WHAT IS REQUIRED
The lines from the start of the data up to and including the one with "Free People End Game Pointelle Tank || Black" should be returned exactly, and nothing else.

Data items
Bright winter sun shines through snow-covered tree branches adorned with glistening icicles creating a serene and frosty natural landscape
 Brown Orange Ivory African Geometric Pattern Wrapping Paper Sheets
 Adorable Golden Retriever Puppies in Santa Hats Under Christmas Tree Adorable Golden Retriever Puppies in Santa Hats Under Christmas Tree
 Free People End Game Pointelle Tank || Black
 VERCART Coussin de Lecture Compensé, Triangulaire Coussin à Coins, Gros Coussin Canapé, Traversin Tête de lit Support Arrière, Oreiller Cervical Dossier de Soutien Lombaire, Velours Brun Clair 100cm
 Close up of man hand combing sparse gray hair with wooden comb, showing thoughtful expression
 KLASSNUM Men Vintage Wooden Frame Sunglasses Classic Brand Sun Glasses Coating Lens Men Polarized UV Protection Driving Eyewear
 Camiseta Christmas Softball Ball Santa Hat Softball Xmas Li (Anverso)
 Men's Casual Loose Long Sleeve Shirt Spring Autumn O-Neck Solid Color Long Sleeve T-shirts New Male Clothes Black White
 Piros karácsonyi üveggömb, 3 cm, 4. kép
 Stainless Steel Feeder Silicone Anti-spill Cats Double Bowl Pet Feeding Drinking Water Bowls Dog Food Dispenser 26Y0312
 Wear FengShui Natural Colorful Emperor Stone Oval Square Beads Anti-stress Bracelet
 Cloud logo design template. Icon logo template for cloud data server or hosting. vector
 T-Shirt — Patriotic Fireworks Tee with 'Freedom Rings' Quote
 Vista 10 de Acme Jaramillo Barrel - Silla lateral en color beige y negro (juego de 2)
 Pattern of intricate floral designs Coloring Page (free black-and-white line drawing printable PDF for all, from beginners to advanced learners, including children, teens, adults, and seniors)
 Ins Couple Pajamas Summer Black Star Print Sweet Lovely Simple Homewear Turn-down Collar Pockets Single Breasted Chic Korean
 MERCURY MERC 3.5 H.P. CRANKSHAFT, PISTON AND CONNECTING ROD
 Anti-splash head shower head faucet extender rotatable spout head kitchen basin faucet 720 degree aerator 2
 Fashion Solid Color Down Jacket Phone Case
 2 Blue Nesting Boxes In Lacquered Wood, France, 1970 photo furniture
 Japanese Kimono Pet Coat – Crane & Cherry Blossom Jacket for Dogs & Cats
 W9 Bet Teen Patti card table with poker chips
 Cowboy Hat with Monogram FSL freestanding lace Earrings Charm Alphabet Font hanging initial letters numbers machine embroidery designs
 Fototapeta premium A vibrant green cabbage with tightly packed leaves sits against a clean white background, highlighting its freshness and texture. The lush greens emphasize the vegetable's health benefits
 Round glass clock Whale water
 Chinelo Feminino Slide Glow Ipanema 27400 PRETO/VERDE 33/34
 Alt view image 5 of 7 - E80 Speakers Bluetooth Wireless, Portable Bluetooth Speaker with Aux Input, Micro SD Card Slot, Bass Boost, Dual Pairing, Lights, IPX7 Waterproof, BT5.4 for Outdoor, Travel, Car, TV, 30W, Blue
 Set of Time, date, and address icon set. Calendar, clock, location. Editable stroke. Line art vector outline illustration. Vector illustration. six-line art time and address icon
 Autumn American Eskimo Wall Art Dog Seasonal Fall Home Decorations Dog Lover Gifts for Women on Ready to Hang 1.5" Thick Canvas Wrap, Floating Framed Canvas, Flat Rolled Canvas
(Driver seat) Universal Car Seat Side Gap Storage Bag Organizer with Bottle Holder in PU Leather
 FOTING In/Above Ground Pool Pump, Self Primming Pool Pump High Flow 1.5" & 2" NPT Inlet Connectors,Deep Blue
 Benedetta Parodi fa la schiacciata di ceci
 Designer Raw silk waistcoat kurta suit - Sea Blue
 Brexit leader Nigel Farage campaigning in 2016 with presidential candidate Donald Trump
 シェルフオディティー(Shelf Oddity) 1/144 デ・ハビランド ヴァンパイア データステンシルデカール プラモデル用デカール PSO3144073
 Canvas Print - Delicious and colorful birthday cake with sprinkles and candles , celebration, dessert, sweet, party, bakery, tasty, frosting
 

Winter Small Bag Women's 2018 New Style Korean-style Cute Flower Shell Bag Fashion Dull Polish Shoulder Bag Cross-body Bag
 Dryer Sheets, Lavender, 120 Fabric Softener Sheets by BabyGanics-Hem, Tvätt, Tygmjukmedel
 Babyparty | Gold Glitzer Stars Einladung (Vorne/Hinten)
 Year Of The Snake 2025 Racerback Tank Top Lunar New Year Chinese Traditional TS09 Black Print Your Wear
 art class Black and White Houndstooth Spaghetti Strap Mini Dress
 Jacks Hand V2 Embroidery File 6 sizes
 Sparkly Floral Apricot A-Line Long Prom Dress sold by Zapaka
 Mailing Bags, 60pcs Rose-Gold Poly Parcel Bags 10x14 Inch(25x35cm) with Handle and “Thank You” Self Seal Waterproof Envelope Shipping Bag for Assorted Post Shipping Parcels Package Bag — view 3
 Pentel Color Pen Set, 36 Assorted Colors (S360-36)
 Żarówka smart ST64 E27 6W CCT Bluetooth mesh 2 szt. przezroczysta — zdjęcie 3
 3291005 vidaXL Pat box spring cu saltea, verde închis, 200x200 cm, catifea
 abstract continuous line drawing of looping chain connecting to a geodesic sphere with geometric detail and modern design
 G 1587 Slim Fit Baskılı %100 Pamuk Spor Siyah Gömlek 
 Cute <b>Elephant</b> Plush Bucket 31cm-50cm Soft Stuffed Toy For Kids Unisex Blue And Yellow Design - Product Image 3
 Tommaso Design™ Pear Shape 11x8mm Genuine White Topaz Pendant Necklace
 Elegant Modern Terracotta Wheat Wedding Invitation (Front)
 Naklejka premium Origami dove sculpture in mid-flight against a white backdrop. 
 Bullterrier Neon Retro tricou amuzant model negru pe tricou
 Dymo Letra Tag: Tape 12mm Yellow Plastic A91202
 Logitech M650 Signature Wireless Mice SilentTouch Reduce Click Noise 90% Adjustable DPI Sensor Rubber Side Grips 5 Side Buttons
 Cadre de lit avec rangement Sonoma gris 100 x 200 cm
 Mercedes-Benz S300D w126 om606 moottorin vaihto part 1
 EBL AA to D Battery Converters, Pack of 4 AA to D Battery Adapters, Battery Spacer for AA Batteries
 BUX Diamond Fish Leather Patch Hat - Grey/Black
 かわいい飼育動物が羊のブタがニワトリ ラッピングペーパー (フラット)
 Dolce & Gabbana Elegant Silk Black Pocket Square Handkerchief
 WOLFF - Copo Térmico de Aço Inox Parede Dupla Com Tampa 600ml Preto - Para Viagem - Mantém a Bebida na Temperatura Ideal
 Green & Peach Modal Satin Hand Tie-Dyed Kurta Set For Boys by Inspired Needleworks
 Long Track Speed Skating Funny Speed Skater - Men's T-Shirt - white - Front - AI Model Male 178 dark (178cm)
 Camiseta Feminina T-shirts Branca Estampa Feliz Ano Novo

THE ANSWER
Bright winter sun shines through snow-covered tree branches adorned with glistening icicles creating a serene and frosty natural landscape
 Brown Orange Ivory African Geometric Pattern Wrapping Paper Sheets
 Adorable Golden Retriever Puppies in Santa Hats Under Christmas Tree Adorable Golden Retriever Puppies in Santa Hats Under Christmas Tree
 Free People End Game Pointelle Tank || Black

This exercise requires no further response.